Recorded data

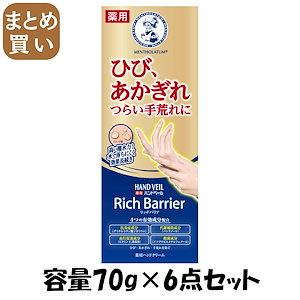 【まとめ買い】メンソレータム　ハンドベールリッチバリア　　７０ｇ 容量70G×6点セット ロート製薬 ハンドクリーム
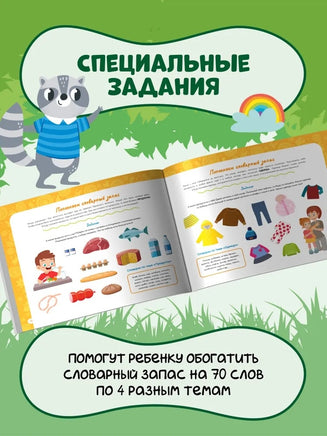 Альбом по развитию речи ребенка: от 1 года до 2 лет Printed books Феникс-Премьер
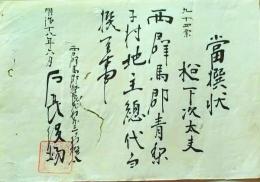 D26070318〇戸長役場辞令  群馬県  清里村青梨子村 明治１８年〇和本古書古文書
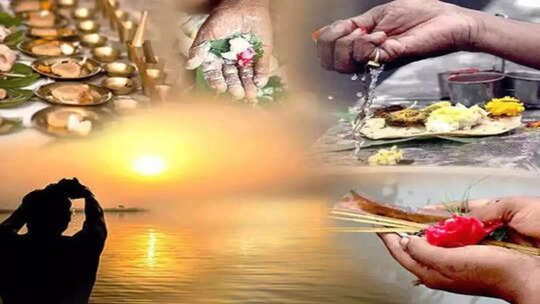 Things to avoid on aadi avavasai : ஆடி அமாவாசை 2024 : மறந்தும் இவற்றை  எல்லாம் செய்து விடாதீர்கள்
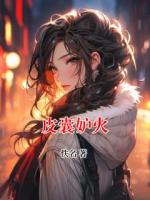 皮囊妒火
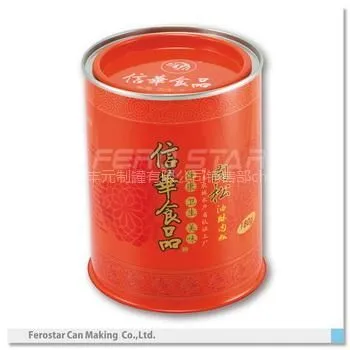 供应撬盖型茶叶罐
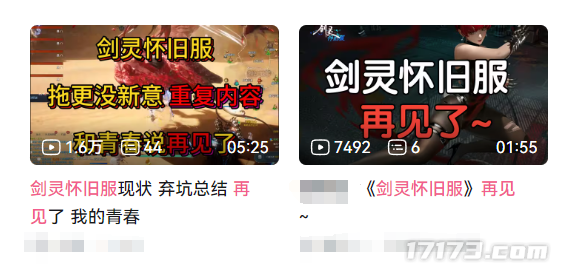 天崩开局、努力四年越改越凉!如今腾讯押注国服重生,能逆风翻盘吗?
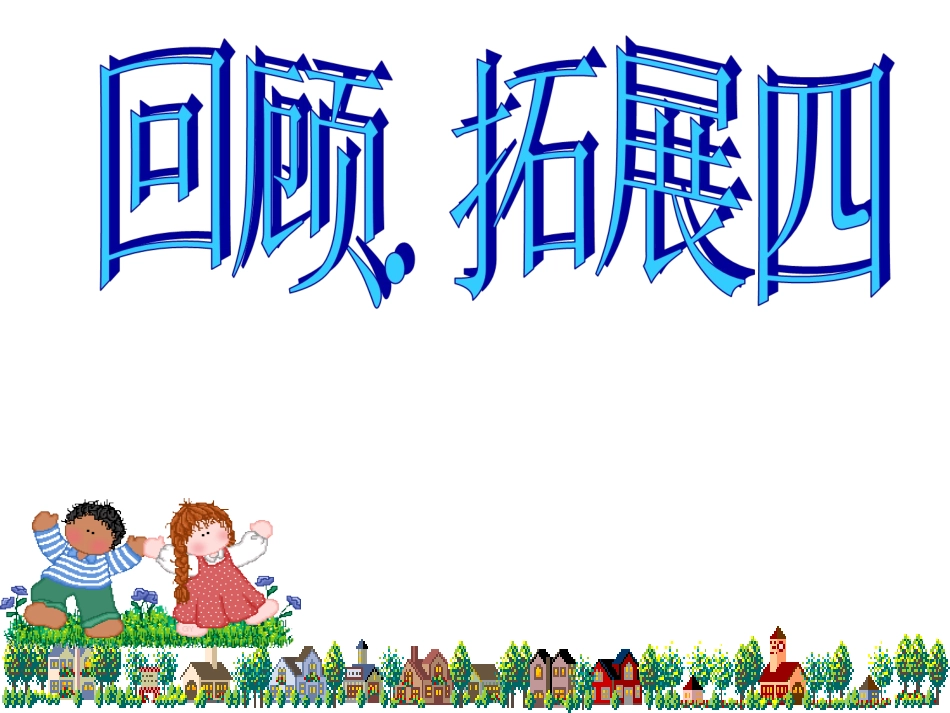 回顾·拓展四-(2)_第1页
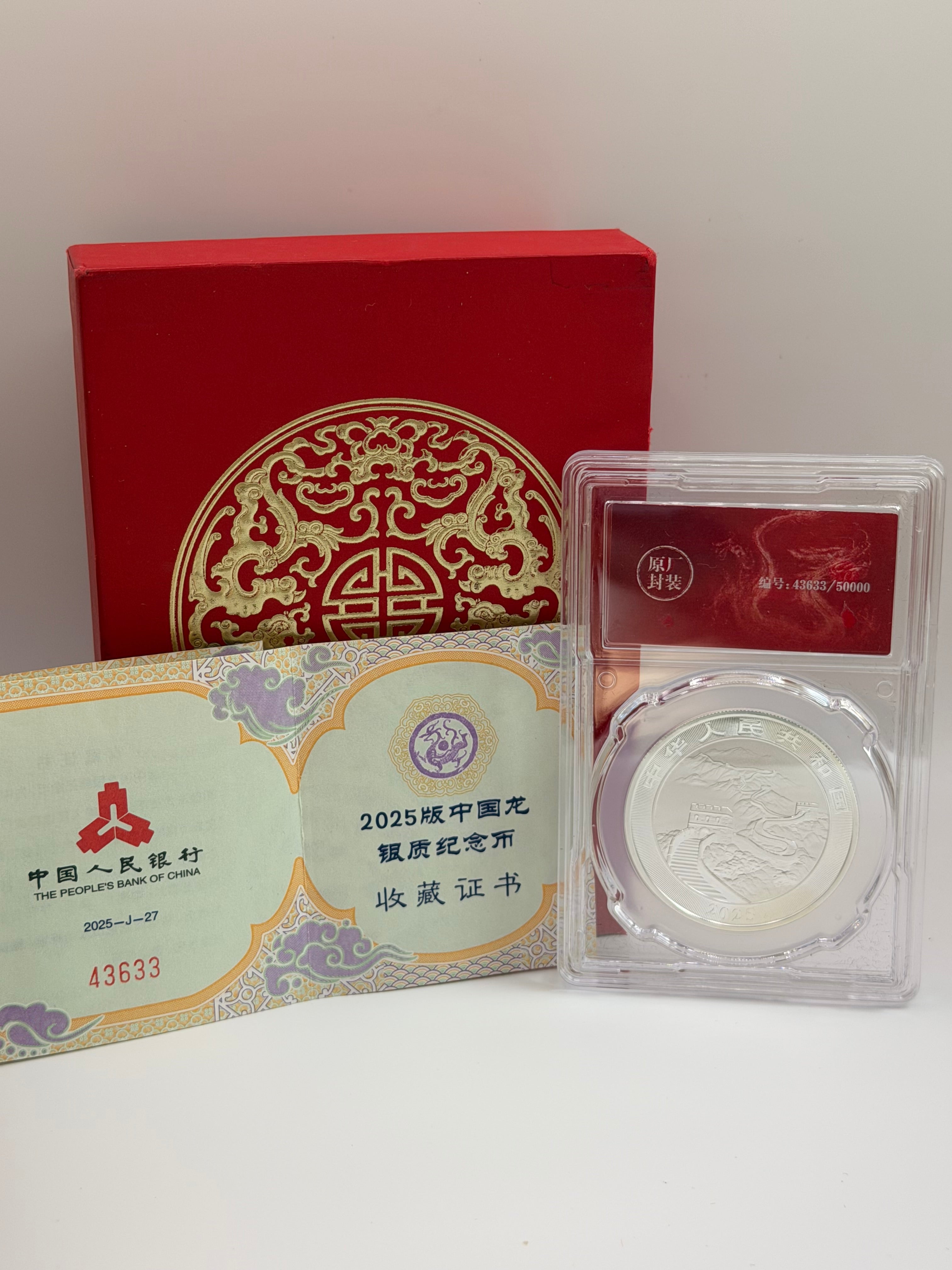2025年-中国龙银币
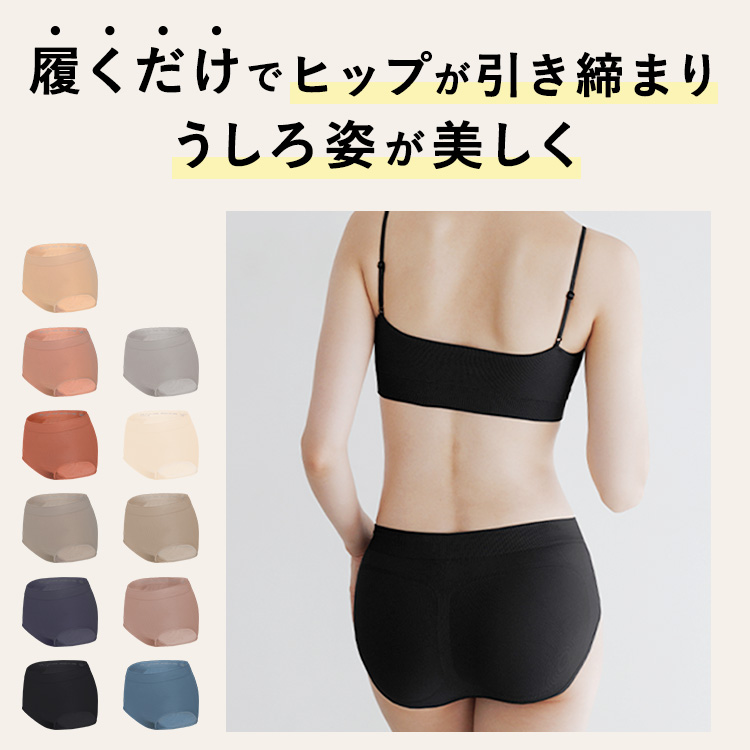 スタイルショーツ [カラー]: グレージュ, [サイズ]: S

→ **YOUR TASK**: An exact copy is needed of every line from the line containing "Things to avoid" to the last line of the records; pictures stay out of it.

→ **RESPONSE FOR THIS EXERCISE**:
 Things to avoid on aadi avavasai : ஆடி அமாவாசை 2024 : மறந்தும் இவற்றை  எல்லாம் செய்து விடாதீர்கள்
 皮囊妒火
 供应撬盖型茶叶罐
 天崩开局、努力四年越改越凉!如今腾讯押注国服重生,能逆风翻盘吗?
 回顾·拓展四-(2)_第1页
2025年-中国龙银币
 スタイルショーツ [カラー]: グレージュ, [サイズ]: S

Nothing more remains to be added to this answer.